Le Tour de France 2026 a offert un premier rendez-vous de haute montagne décisif ce jeudi 9 juillet, avec l'ascension du col du Tourmalet. Et le jeune Français Paul Seixas, leader de l'équipe Decathlon CMA CGM, a marqué les esprits en franchissant le col hors catégorie en troisième position, à seulement 1 minute et 26 secondes du Slovène Tadej Pogacar, vainqueur de l'étape et nouveau maillot jaune. Une performance qui confirme que le coureur de 22 ans a sa place parmi les cadors du peloton.

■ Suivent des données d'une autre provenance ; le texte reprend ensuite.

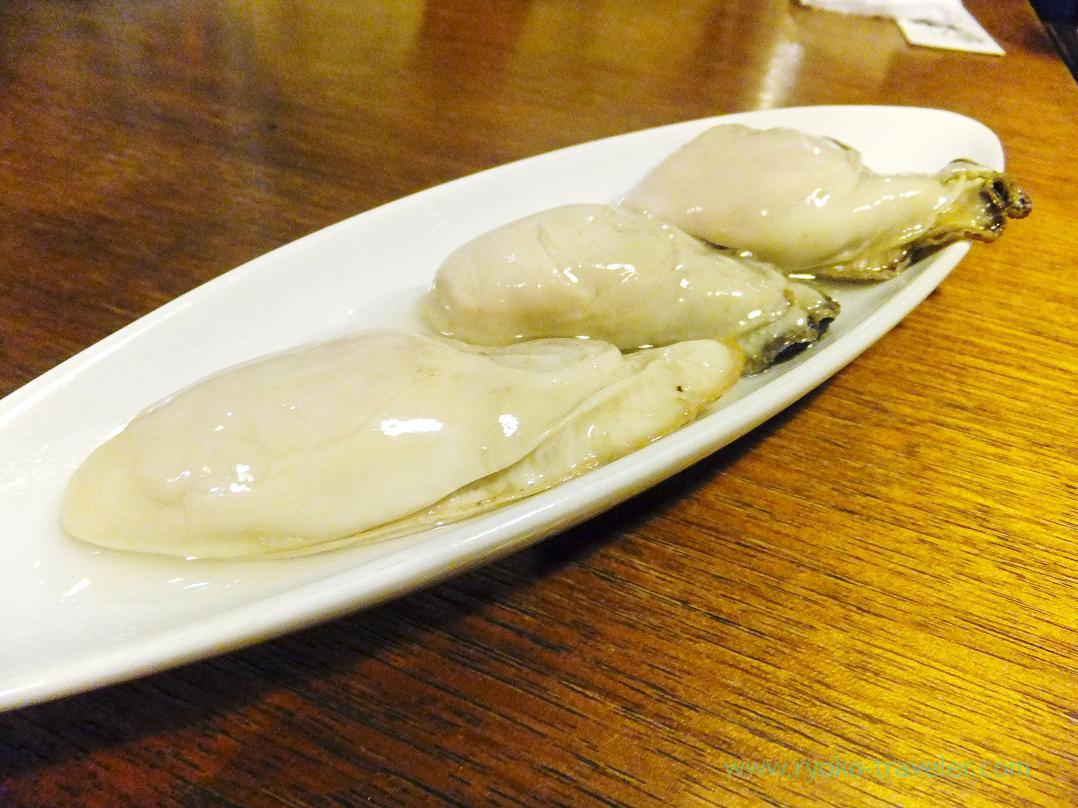 Marinated konbumori oyster in sweetened vinegar, Kashigashira (Tsukiji)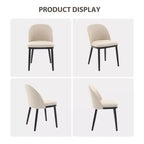 Lot de 4/6 chaises de salle à manger, chaises de cuisine/salle à manger rembourrées, chaises de salle à manger de ferme en tissu de lin avec pieds réglables pour salle à manger, salon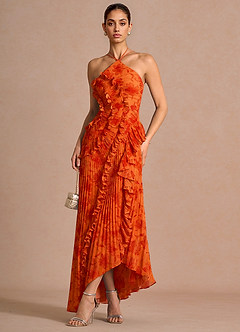 Hatsu Tangerine Maxi Dress image3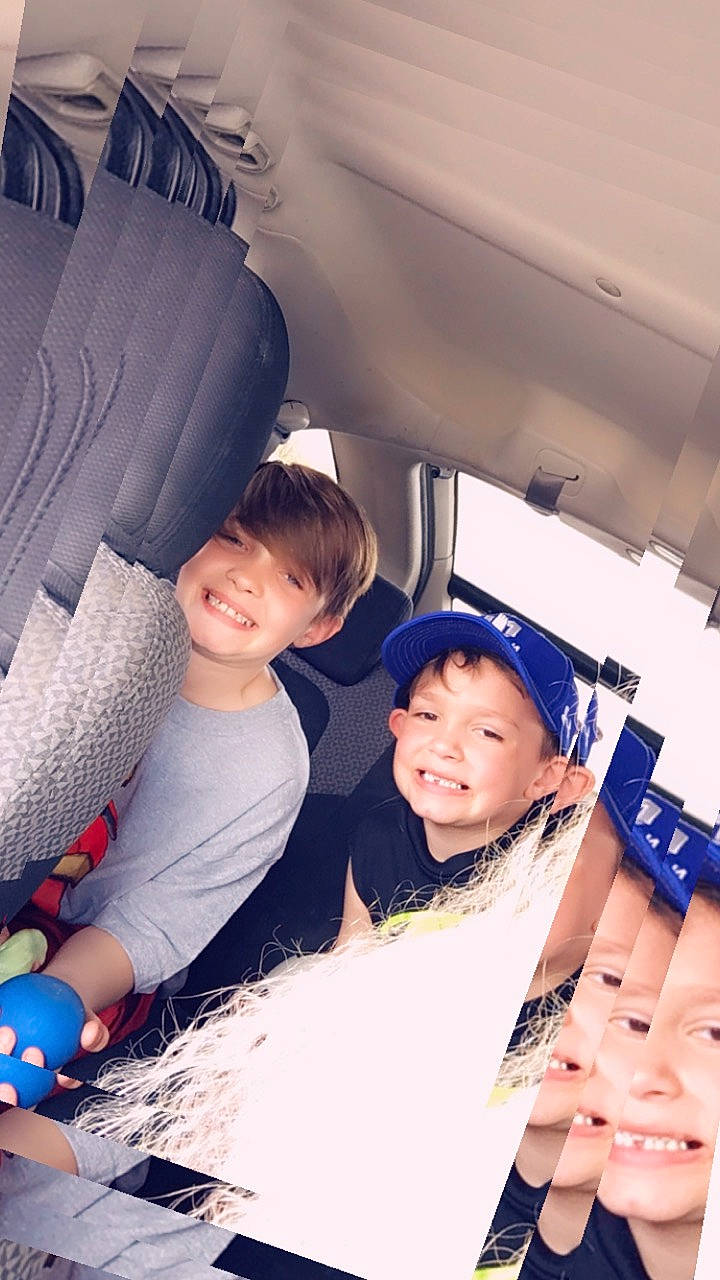 Ashtyn is registered to the contest to win money with this photo: baby, child, father, fun, happy, joy, people, person, photography, play, selfie, sibling, smile, snapshot, toddler, vacation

Dans l'ascension mythique des Pyrénées, Seixas a d'abord subi l'attaque de Pogacar à cinq kilomètres du sommet, puis a lâché la roue de Jonas Vingegaard quelques hectomètres plus loin. Mais au lieu de sombrer, il a géré son effort avec intelligence et a recollé au duo composé de Florian Lipowitz et Isaac Del Toro à deux kilomètres du but. Mieux encore, il a pris les commandes de ce groupe pour imprimer son rythme, passant symboliquement en tête de ce trio au sommet. « Je pense que j'étais à ma place », a-t-il sobrement commenté à l'arrivée à Gavarnie-Gèdre.

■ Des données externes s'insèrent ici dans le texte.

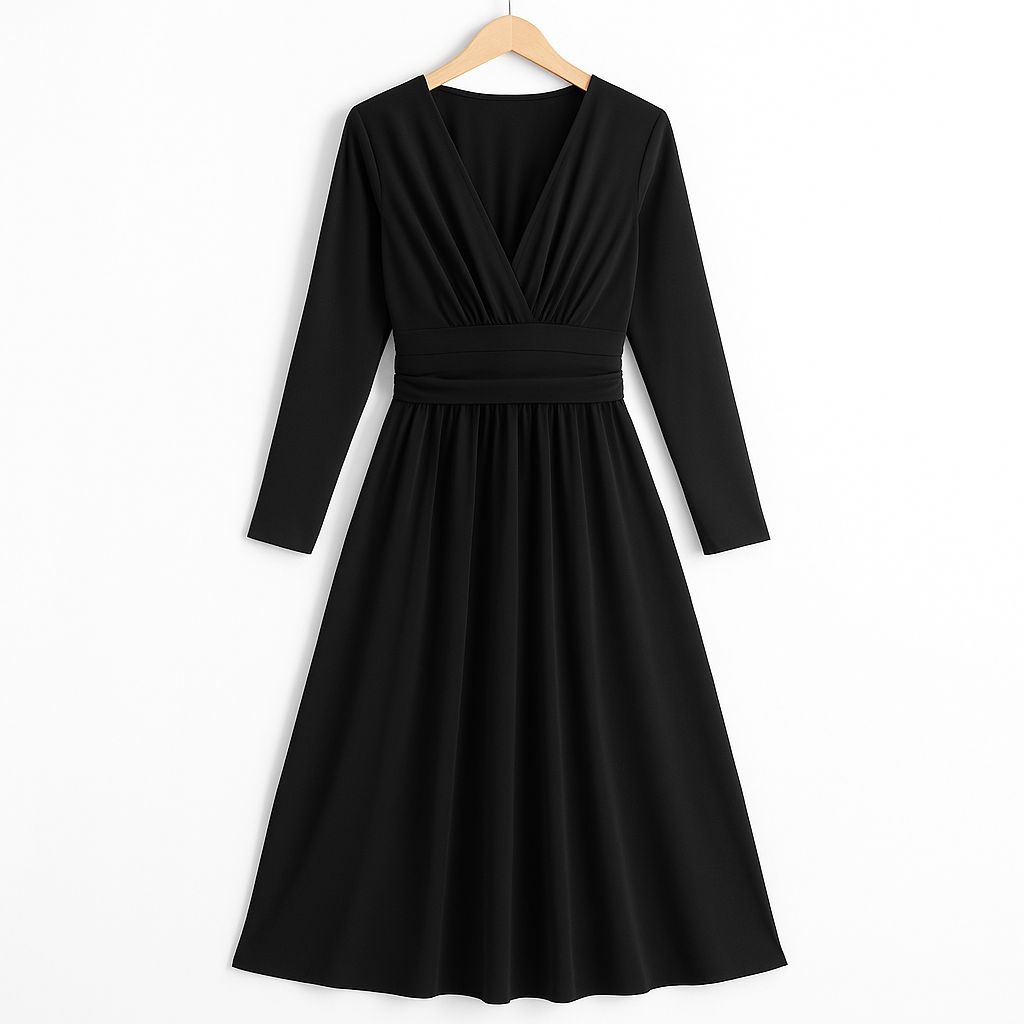 Vestido Esencia Bordeaux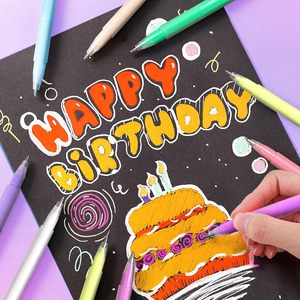 1.0 tốt <span class=keywords><strong>tip</strong></span> nhiều màu nghệ thuật đánh dấu thiết lập 24 các loại màu acrylic Gel bút cho người lớn màu cho giấy đen - Product Image 3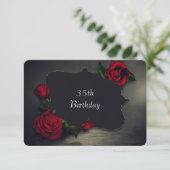 Nostalgique Gothique Amour Anniversaire Invitation (Debout devant)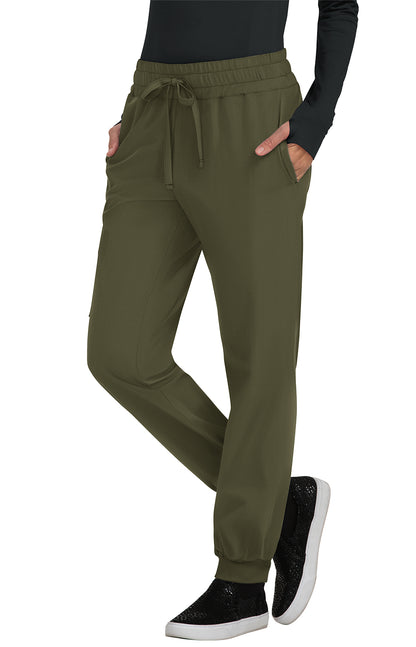 Basics 741 Gemma Jogger Pants Olive Green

Cette démonstration de force et de maturité n'a pas échappé aux observateurs. Le consultant Laurent Jalabert, sur France TV, s'est enflammé: « Pogacar, c'est un phénomène, ça paraît surnaturel, mais ce que fait Seixas, c'est la même chose. C'est du même acabit. Pogacar n'a jamais fait ça à son âge. Faisons attention parce que bientôt, c'est Seixas qui va faire ça! Je pense qu'il en est capable. » Un compliment rare qui place le Français dans une lumière flatteuse, d'autant qu'il a également été salué par le président de la République, Emmanuel Macron, venu assister à l'arrivée.

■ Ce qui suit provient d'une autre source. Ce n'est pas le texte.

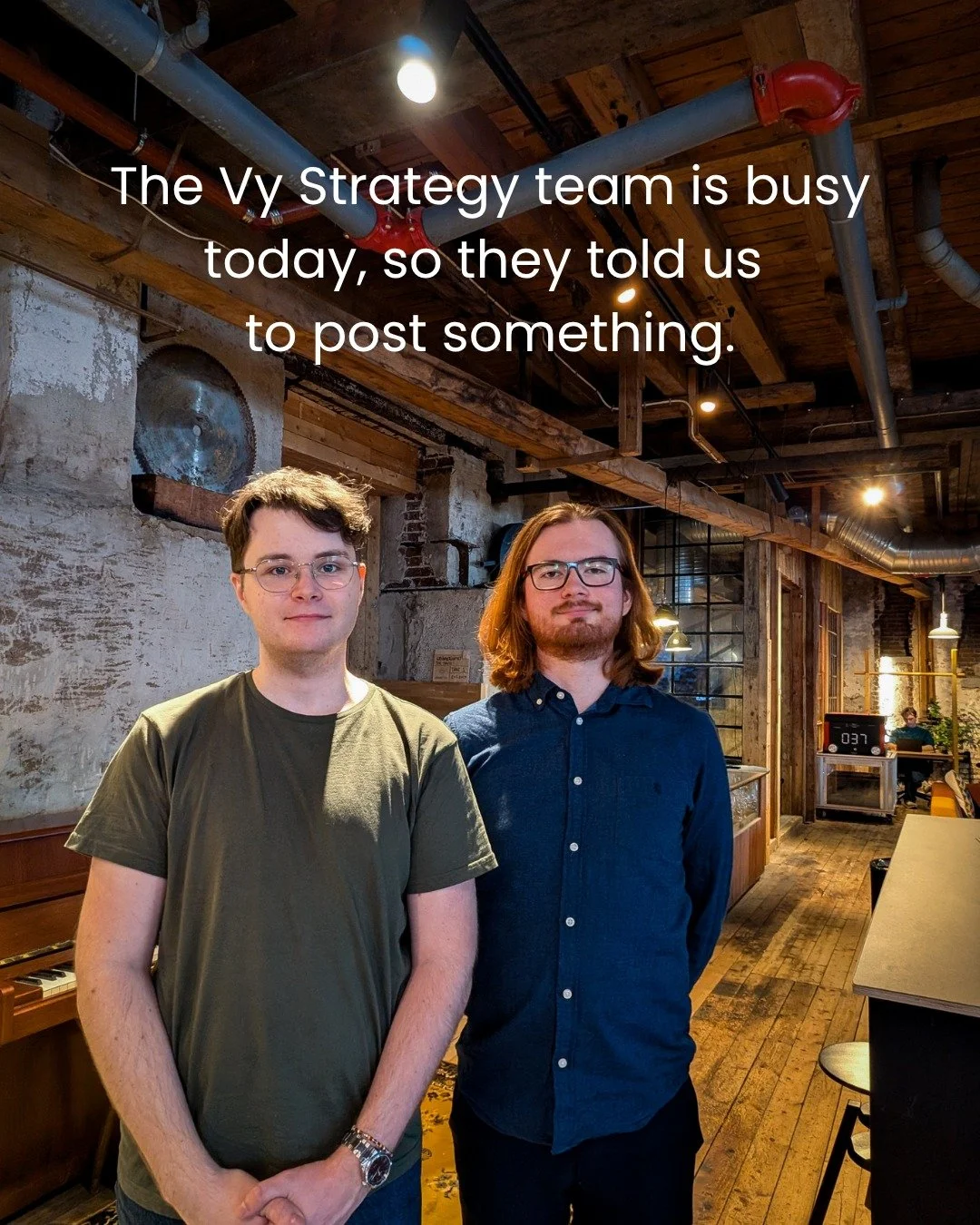 Never leave them in charge again 😆

-
#vystrategy #interns #economicsinterns #HVL #haugesund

Au classement général, Seixas occupe désormais la sixième place, à 28 secondes de la troisième marche du podium occupée par Isaac Del Toro. Il devance notamment Remco Evenepoel (25 secondes) et Juan Ayuso (21 secondes) au soir de cette première étape de montagne. Un chrono par équipes défavorable en début de Tour ne l'a pas empêché de se hisser à ce niveau. « Le podium est jouable », estime la rédaction de 20 Minutes, qui lui attribue une note de 9/10 pour cette étape, tandis que le commentateur Alexandre Pasteur parle d'un « 20/20 » car le leader a « plus que tenu son rang ».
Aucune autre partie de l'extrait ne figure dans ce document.